Sunday, September 11, 2011

We Remember

I had finished my graduate school course work the semester before and had moved to Illinois to do my internship and to complete my dissertation. I hadn't been here more than 6 weeks but I had already let them know that I wasn't a morning person. My supervisor gladly allowed me to work from 9am - 6pm instead of the usual 8-5pm. I was more than happy with that schedule. In my twenty something years of working I had never worked a regular 9-5.

My schedule also allowed me to catch the morning shows as I got ready for work. This particular day I was moving slow, real slow and was actually laying on the sofa watching Good Morning America. I remember the first plane hitting and thinking it was an awful accident. What was wrong with the pilot? How did he not see that huge building? Then the second plane hit and I knew - this was not an accident. I remember listening to the news reporters - I think it was Charlie Gibson at that time - as they went through the same thought process. No one really knew what to think. Were we under attack?

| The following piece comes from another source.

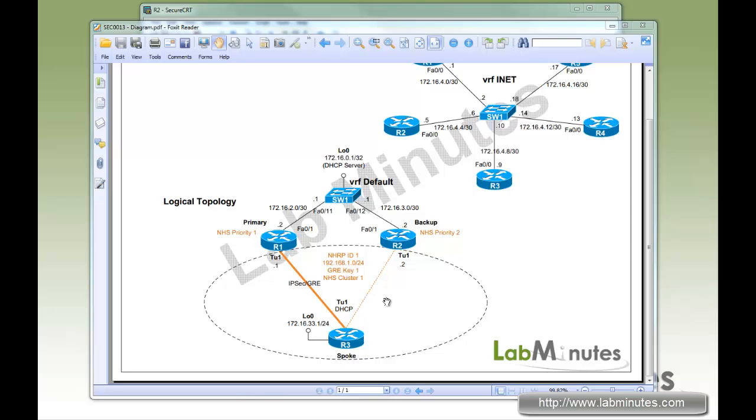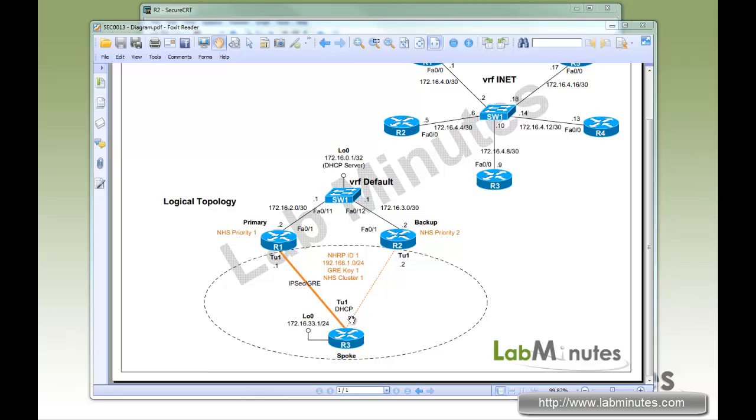Here we're reusing our setup that we did for the NHS cluster and recovery backup labs. Everything is set up already with the complete DMVPN up and functioning. We're just going to be tweaking a few configuration commands to allow the tunnel interface on the spoke to obtain IP through DSCP. In the lab we have R1, R2 forming a redundant cluster as hub routers, with R3 being a spoke router, and we're going to turn on DSCP service on switch one.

When I arrived at work the people were in a frantic state. Most people were out of their offices and a television was set up in the main conference room. In our brick building with no cable the feed wasn't clear but we still could make out the rest of the story regarding the Pentagon, the collapse of the towers, and the speculations as to what was happening. At the time I remember thinking it was directly connected to our government's foreign policies. For the life of me I could not understand how so many people would be killed in retaliation for government decisions. Hundreds of innocent lives lost - many of which who may not have even known our foreign policies. I was perplexed.

Although, I had many of my own feelings to process, my job was to aid others in their process. Our training director who works wonderfully in a crisis, immediately worked to set up make shift crisis counseling stations throughout campus. I don't remember how many people were directly affected by concerns for family and friends in the New York area.  There were at least a handful that came through to get support as they tried to reach relatives flying that day or working in the World Trade Center. Mostly, the people that came through our stations were people worried and frightened for our safety as a nation. Several hundred miles away from ground zero and we were all greatly affected. We were all affected throughout the entire year and years to come, from those who lost friends and family members to those who were deployed to the subsequent wars. Young men and women, putting aside their education, their future, their relationships and their families to check for weapons of mass destruction, to fight a war that many of us didn't understand.

So today I'm sitting and watching 9/11: Ten Years Later. It is the raw footage of the day as it happened through the eyes of a camera man. It is both heartbreaking and heartwarming at the same time. It's a little overwhelming but I sit and watch because it's the least I can do. Too many people  have lost their lives in this 10 years so that we can remain free and safe. We Remember.